By Kevin Buckland
TOKYO (Reuters) – Japan’s Nikkei share average rallied to a fresh 34-year peak on Monday as the U.S. S&P 500’s record-high close on Friday buoyed investor sentiment, despite continued signs of overheating in the Asian market.
After opening sharply higher, the Nikkei fell back a bit in the morning session before rising as much as 1.69% to 36,571.80, a level not seen since February 1990, in late trade. It closed the day 1.62% higher at 36,546.95.
The rally was extremely broad-based, with 207 of the index’s 225 components advancing, versus 17 decliners and one that was flat. Also, every Nikkei sector gained with real estate and technology being the top performers.
On Friday, the S&P 500 posted its first record-high close in two years, as AI fever drove big gains for chip shares and other heavyweight tech stocks, with server maker Super Micro Computer lifting its profit forecast.
In Japan, AI-focused startup investor SoftBank Group gained 2.41%, while chip-testing equipment maker Advantest, which counts Nvidia among its customers, climbed 3.52%.
The Nikkei’s 9.2% advance so far this year has put it head and shoulders above developed market rivals, many of which are in negative territory.
However, analysts have been warning of a potential pullback as technical indicators suggest the market has overheated. The relative strength index (RSI), for example, sits at 76.2, well above the 70 level that signals overbought conditions.

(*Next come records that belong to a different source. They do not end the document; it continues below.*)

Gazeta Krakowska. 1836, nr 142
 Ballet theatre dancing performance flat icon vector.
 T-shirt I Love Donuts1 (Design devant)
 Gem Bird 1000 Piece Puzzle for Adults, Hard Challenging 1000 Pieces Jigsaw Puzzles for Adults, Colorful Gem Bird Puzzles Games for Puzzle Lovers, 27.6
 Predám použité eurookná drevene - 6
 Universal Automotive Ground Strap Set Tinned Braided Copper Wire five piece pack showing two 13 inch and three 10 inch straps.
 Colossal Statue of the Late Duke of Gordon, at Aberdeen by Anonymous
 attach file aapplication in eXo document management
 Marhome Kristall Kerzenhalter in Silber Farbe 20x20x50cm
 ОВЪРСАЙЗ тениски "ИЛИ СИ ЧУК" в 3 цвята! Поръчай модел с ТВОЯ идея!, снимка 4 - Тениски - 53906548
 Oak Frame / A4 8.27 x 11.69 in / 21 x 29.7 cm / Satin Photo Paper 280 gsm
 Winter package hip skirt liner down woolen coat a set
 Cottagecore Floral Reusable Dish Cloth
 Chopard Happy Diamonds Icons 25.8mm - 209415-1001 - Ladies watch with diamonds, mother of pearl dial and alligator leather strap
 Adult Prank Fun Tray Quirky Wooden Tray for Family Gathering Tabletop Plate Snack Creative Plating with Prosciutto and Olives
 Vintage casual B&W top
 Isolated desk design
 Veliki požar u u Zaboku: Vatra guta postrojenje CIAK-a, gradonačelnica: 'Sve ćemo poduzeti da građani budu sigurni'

Japanese shares have had an additional tailwind this year from receding bets for an imminent end of Bank of Japan stimulus, particularly after the devastating New Year’s Day quake on the country’s west coast. The central bank announces policy on Tuesday.
The Nikkei generally rallies on a weaker yen, as it makes Japanese exports more competitive and boosts the value of overseas revenue. However, an ostensibly yen-boosting hawkish BOJ shift won’t necessarily hurt the Nikkei rally, according to OANDA strategist Kelvin Wong.
“The Nikkei 225 is much more following the U.S. stock benchmarks now, rather than the dollar-yen rate,” Wong said.
“Even if the BOJ signals it’s starting to shift away from negative interest policy tomorrow, I think that could be a positive for the Nikkei, because it gives market participants confidence that Japan is not going to slip back into deflation.”
Although the Nikkei looks due for a short-term pullback, the uptrend remains intact, and a test of 37,000 is likely in coming weeks, Wong said.